Provided material section start
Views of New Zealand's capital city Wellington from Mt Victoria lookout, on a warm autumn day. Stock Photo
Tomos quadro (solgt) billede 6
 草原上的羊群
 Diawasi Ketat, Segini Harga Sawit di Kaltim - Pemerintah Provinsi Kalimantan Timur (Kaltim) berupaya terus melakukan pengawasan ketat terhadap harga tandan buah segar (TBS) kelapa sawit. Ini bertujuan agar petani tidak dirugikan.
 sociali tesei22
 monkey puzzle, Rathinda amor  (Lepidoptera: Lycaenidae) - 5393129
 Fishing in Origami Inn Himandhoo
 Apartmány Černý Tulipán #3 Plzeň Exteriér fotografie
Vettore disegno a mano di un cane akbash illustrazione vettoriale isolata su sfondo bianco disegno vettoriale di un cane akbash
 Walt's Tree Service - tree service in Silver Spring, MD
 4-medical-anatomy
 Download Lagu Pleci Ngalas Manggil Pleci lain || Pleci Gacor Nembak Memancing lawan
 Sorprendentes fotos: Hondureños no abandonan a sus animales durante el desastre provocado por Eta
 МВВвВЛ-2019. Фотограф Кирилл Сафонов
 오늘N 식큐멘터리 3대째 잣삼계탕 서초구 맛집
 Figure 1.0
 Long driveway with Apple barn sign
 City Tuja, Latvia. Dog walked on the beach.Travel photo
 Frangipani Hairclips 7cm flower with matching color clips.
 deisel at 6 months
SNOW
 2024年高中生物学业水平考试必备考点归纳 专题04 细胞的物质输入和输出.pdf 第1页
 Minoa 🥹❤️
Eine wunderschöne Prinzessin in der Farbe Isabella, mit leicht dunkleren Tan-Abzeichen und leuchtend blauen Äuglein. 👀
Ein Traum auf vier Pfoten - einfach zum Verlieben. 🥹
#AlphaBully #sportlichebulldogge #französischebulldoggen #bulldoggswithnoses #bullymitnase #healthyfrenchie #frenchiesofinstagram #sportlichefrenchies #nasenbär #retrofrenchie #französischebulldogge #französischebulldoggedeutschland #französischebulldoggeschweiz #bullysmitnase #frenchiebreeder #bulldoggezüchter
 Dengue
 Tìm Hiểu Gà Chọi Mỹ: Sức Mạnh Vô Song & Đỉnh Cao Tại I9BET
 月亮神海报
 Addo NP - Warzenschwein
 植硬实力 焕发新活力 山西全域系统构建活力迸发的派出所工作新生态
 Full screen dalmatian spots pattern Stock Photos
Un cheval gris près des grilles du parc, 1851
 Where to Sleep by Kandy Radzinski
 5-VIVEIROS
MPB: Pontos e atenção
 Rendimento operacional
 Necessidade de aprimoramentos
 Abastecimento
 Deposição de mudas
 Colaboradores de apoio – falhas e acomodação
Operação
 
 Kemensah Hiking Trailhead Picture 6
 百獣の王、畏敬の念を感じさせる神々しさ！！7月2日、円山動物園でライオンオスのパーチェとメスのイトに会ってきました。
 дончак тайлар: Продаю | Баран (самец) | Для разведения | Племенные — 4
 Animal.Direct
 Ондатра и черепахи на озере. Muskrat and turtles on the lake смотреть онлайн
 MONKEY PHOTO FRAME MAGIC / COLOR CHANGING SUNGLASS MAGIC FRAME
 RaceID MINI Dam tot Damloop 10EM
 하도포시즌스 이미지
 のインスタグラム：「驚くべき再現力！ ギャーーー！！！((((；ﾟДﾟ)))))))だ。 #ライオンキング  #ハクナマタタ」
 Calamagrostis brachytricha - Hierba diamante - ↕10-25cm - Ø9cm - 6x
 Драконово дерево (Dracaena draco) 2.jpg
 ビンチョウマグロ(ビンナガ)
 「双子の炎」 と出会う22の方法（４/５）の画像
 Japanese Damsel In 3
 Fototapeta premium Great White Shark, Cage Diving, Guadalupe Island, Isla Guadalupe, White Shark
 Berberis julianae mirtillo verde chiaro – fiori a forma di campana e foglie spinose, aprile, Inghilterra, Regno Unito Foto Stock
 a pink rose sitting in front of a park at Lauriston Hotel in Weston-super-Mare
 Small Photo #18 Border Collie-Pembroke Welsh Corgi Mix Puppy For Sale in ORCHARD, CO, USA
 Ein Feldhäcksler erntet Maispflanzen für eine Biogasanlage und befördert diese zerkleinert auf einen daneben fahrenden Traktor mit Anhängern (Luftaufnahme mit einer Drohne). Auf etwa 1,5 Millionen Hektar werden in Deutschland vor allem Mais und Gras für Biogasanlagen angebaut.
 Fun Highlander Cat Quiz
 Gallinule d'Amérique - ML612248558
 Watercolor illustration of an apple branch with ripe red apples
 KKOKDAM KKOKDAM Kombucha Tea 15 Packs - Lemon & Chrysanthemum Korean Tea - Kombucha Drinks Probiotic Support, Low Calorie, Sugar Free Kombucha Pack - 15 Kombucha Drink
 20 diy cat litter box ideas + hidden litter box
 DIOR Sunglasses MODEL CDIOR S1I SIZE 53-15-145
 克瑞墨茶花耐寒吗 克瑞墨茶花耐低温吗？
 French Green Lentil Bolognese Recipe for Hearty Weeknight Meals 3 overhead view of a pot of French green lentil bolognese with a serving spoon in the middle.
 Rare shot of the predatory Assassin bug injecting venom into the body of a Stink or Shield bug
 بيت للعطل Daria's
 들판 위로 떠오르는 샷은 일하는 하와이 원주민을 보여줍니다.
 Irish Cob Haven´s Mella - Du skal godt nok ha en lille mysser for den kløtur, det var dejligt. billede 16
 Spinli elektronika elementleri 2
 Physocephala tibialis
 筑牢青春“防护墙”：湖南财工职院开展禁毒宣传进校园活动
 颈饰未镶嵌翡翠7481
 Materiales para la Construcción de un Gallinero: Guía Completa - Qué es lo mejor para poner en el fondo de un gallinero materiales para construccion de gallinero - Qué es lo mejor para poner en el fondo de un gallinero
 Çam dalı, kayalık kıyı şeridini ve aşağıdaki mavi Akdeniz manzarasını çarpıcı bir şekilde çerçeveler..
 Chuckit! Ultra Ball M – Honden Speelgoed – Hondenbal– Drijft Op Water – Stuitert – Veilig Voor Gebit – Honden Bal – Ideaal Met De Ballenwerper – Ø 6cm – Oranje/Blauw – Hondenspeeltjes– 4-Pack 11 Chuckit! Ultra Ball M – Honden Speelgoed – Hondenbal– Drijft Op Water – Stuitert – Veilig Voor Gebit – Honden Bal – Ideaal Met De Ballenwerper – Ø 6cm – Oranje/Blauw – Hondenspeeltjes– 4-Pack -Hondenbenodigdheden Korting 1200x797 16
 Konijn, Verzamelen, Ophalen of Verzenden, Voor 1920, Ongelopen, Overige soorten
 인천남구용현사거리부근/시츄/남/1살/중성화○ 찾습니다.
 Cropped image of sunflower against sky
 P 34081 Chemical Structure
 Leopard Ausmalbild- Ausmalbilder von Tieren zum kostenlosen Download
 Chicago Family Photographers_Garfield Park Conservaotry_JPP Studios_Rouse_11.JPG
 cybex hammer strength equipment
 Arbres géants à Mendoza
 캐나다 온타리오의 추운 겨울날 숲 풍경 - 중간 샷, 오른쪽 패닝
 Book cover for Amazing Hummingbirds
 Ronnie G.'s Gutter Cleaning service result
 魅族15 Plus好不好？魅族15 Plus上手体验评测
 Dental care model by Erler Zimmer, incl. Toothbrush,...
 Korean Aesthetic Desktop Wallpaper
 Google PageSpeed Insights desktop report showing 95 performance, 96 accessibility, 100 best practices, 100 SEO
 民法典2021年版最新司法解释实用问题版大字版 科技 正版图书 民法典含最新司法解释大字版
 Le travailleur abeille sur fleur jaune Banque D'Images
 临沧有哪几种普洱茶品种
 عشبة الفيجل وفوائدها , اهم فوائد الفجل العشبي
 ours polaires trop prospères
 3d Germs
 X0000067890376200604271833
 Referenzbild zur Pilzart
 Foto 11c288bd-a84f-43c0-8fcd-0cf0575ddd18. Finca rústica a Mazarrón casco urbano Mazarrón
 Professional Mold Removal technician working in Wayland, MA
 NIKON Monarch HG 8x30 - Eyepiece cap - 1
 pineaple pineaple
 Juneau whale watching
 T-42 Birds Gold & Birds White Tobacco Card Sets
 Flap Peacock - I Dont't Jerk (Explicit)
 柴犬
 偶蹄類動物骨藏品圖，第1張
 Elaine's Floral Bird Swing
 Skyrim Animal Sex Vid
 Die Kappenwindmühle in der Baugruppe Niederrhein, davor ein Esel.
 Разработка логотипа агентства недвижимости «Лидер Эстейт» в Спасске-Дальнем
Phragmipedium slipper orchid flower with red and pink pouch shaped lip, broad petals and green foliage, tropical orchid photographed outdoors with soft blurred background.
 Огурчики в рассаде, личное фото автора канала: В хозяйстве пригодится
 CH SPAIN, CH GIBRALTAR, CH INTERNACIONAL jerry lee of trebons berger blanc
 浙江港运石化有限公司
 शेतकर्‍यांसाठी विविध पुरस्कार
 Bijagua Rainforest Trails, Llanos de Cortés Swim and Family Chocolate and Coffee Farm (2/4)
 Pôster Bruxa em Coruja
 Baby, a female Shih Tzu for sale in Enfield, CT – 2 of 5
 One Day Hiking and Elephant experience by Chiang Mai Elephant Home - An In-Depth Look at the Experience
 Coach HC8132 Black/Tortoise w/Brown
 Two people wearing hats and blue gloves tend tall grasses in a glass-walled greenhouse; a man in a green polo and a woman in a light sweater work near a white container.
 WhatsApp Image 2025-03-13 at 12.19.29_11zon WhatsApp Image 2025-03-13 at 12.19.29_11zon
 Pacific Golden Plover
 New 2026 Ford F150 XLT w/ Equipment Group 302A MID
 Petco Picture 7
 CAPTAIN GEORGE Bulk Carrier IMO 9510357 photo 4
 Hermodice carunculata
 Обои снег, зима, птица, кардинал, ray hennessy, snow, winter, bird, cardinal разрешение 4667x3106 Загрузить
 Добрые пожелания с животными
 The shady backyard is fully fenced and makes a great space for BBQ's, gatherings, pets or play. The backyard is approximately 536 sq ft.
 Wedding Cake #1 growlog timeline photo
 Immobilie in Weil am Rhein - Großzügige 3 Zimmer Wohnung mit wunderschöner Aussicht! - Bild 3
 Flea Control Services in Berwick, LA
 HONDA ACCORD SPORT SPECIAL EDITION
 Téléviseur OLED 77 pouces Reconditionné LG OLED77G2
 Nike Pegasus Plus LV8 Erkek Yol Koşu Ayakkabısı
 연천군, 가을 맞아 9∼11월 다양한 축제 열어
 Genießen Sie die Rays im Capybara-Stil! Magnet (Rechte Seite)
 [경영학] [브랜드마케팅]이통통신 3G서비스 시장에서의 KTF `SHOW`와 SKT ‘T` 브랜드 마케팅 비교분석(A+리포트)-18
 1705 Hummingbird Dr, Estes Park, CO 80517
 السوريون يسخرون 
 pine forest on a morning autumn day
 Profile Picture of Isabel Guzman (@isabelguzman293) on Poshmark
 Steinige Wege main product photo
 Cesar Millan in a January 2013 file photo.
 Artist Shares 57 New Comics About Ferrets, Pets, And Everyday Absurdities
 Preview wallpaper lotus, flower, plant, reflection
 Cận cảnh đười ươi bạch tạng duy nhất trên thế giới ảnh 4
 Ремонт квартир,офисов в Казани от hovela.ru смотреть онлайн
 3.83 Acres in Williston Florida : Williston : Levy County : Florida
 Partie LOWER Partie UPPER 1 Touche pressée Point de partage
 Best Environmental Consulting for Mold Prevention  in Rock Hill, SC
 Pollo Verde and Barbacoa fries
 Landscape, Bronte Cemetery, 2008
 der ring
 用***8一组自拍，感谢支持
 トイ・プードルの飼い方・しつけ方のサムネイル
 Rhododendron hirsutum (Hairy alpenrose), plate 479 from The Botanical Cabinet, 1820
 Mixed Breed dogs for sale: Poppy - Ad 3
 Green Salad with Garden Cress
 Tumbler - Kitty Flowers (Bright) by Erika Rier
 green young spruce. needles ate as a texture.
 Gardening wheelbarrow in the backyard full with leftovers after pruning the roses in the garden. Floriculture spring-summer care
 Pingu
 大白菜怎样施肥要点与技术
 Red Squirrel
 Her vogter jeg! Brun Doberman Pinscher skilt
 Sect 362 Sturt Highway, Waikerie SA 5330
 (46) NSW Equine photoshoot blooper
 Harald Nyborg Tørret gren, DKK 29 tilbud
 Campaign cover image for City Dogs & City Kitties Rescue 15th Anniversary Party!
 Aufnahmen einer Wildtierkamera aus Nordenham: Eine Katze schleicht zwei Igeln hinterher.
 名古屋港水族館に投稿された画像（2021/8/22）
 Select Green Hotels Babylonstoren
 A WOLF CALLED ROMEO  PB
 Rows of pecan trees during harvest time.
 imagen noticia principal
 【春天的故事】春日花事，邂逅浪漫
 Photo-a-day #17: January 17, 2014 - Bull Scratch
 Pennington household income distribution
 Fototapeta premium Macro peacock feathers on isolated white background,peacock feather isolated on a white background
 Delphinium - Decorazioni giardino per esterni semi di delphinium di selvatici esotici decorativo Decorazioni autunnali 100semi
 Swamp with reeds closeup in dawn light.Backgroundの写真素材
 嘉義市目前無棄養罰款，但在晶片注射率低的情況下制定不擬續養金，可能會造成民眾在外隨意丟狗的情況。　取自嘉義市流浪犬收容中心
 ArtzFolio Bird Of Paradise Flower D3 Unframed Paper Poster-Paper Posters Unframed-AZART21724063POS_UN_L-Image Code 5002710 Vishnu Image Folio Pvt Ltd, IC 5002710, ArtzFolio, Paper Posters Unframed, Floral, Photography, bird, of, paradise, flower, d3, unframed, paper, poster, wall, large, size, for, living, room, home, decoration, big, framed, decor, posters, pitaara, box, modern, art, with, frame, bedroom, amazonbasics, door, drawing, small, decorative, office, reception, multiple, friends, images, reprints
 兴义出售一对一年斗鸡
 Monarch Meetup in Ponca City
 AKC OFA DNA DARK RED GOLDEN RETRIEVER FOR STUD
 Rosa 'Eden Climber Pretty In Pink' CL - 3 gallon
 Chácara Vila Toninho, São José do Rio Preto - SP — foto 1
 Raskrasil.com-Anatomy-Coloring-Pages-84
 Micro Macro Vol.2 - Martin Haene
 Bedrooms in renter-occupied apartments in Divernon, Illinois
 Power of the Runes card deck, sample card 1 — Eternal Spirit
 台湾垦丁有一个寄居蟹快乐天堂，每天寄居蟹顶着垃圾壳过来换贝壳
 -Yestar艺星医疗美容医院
Provided material section end
Copy out exactly, and only, the lines from the one that contains "imagen noticia principal" through the last line of the material above.

 imagen noticia principal
 【春天的故事】春日花事，邂逅浪漫
 Photo-a-day #17: January 17, 2014 - Bull Scratch
 Pennington household income distribution
 Fototapeta premium Macro peacock feathers on isolated white background,peacock feather isolated on a white background
 Delphinium - Decorazioni giardino per esterni semi di delphinium di selvatici esotici decorativo Decorazioni autunnali 100semi
 Swamp with reeds closeup in dawn light.Backgroundの写真素材
 嘉義市目前無棄養罰款，但在晶片注射率低的情況下制定不擬續養金，可能會造成民眾在外隨意丟狗的情況。　取自嘉義市流浪犬收容中心
 ArtzFolio Bird Of Paradise Flower D3 Unframed Paper Poster-Paper Posters Unframed-AZART21724063POS_UN_L-Image Code 5002710 Vishnu Image Folio Pvt Ltd, IC 5002710, ArtzFolio, Paper Posters Unframed, Floral, Photography, bird, of, paradise, flower, d3, unframed, paper, poster, wall, large, size, for, living, room, home, decoration, big, framed, decor, posters, pitaara, box, modern, art, with, frame, bedroom, amazonbasics, door, drawing, small, decorative, office, reception, multiple, friends, images, reprints
 兴义出售一对一年斗鸡
 Monarch Meetup in Ponca City
 AKC OFA DNA DARK RED GOLDEN RETRIEVER FOR STUD
 Rosa 'Eden Climber Pretty In Pink' CL - 3 gallon
 Chácara Vila Toninho, São José do Rio Preto - SP — foto 1
 Raskrasil.com-Anatomy-Coloring-Pages-84
 Micro Macro Vol.2 - Martin Haene
 Bedrooms in renter-occupied apartments in Divernon, Illinois
 Power of the Runes card deck, sample card 1 — Eternal Spirit
 台湾垦丁有一个寄居蟹快乐天堂，每天寄居蟹顶着垃圾壳过来换贝壳
 -Yestar艺星医疗美容医院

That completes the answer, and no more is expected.